Page8.お好きなものは?・2
『今なら泣いてもいいし、わたしは誰にも言わないから』
『だから我慢しなくていいんだよ、
もう数か月くらい経つというのに、あの降りしきる雨に隔離されたバス停で聞いた言葉が、まだ耳を離れない。
たぶんあの日、私は自分の中の何かを壊した。
壊れたものが大事なものだったのかもわからないけれど、それからというもの、私と
「綺音さん、今日はどうしますか?」
「んー……」
最近は、よく風香のお宅に泊まらせてもらうこともある。別に何をするわけでもなくて、ただ普通の友達みたいに一緒に過ごすだけの時間を朝まで過ごす。次の日の仕事に支障をきたしても嫌だから私は早く寝るけど、風香はどうしているのか……(私より遅いのは確かだ)。
『あれだけ夜更かししてたら、そりゃ注意も散漫になるから。もっと寝なさい』
なんて言いたくなったりするけど、どうやら遊んでいて遅くなるわけではないみたいだ。机に突っ伏して眠っている彼女を覗いてみたら、業務で使うソフト操作の仕方とか、他の人たちから受けたアドバイスをまとめているらしかった。
それに何より、彼女の夜更かしを知っていることを知られるのも嫌だった。

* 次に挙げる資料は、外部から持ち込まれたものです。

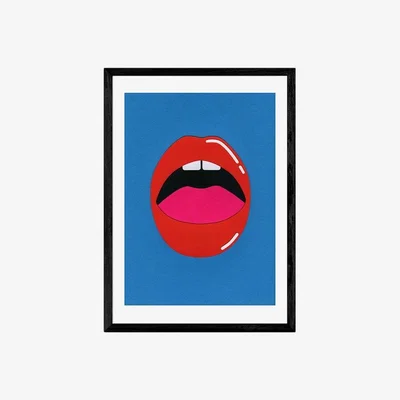 Cult Furniture Red Lips, Pop Art Print Colour: Black, Size: A3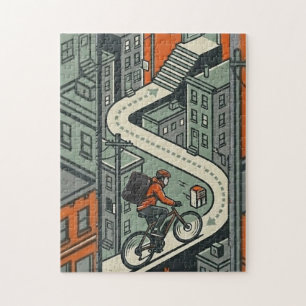 Puzzle Casse-tête de ville de coursier de vélo urbain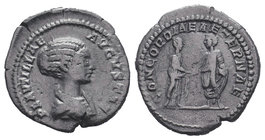 Plautilla. Augusta, A.D. 202-205. AR denarius. Rome mint. PLAVTILLA AVGVSTA, draped bust right / CONCORDIA FELIX, Caracalla and Plautilla standing fac...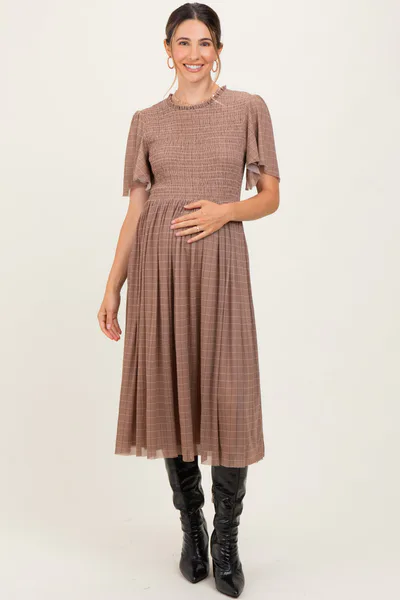 PinkBlush Beige Plaid Smocked Mesh Maternity Midi Dress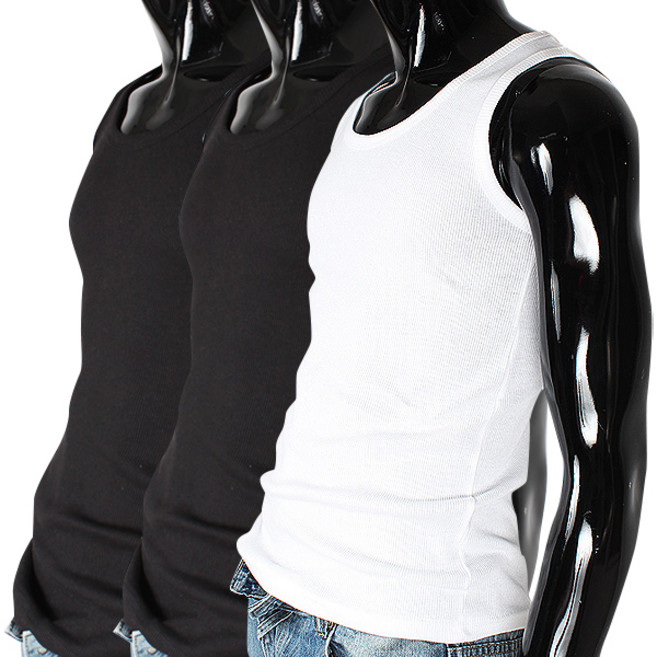 유투 남성용 통기성 골지 나시 3p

ここの人たちの娯楽は、他人の噂話だから。
そういうのに、まだここに入ったばかり……とまではいかなくても、まだ1年といない風香を巻き込みたくない。そのせいで辞めていった人を、何人か知っているから。
そもそも今こうしてるのだって、誰かに見られて面白おかしく語られているのかも知れないし……。
「じゃあ、明日にしますか? わたしはいつでも空いてますから」
色々考え込んでいたら、少し寂しそうな顔でそう微笑まれて。罪悪感で胸を締め付けられた。軋むように痛い。
「あ、うん。ごめんね風香」
本当はそんな言葉じゃ足りないけれど、そんな安っぽい言葉しか出てこない。大事なところでいつもそうなってしまう自分の語彙を憾みながら、私は自宅に向かって歩き始める。
一緒にいたかったな、なんて後ろ髪を引かれるけれど、振り返れない。
……私は、最低だ。
彼女の好意に甘えて、彼女を使って自分の傷を癒していることだけではない。私がいない間の、「ばいばい、綺音さん」と言葉を送ってくれた風香のことを信じられていない。
一応、知っているのだ。
彼女がそこそこ多くの男子社員から人気なことも、たまにそのうちの誰かから風香がつけているのと同じ香水が香ってきてることも。
彼女と一緒にいたいのも、彼女と一緒に帰るのも、それに彼女の教育係を未だに続けているのも、きっと風香のことが好きだからというより、信じられないから。私の監視下に置いておきたいから。
所有物みたいに束縛しておきたいから。
そんな自分を思うたびに、その醜さが嫌になる。
ねぇ、風香。
そんな私が、あなたに好きになってもらってていいの?
見上げた夜空では星が綺麗過ぎて、目に痛かった。
* * * * * * *
「先輩♪ お昼一緒に食べません?」
「え? そうだね、食べよっか」
昼休み。風香は最近、いつも私を誘ってくれる。もちろん、あのバス停での一件より前から誘ってくれたはいたけど、最近は特に、まるで周りに見せつけるみたいに。
そんなことしなくたっていいのに。
つい隠れてしまう後ろめたさを恥じながら、彼女の後をついていく。
と思っていたのは、ついさっきまでのこと。
社食で向かい合った風香は、にまにまと目の前のプレートを見つめている。乗っているのは彼女らしいといえば彼女らしい、口の周りがあまり汚れなくて見た目もかわいらしいデザート系が多い。もちろん風香が本当に好きなのもあるだろうけど、たぶん周りから見られたときにキャラクターを崩さないようにかも知れない。
だけど、そのぶり大根は好きで入れたんだろうなぁ、見つめている顔がキラキラしてる。
と、ふと私のプレートも覗き込んでから風香が笑いかけてきた。
「おいしそうですね、先輩!」
たぶんこういう可愛らしい表情を一瞬で作れるところが、人気の秘訣なのかな。そんなことを考えている間にも、アップルタルトの甘い香りが鼻腔をくすぐって。
今はこの甘さの中で。
そう思いながらアップルタルトを口に運んだら少し甘酸っぱくて。その味加減に舌鼓を打ちながら、思った。
ぶり大根か、作れるかな。
作ったら食べさせてあげようかな。
たぶん、前に2人きりで行った居酒屋で気に入ったらしいぶり大根をこんなにおいしそうに食べている幸せそうな顔を知っているのは、今のところ私だけだから。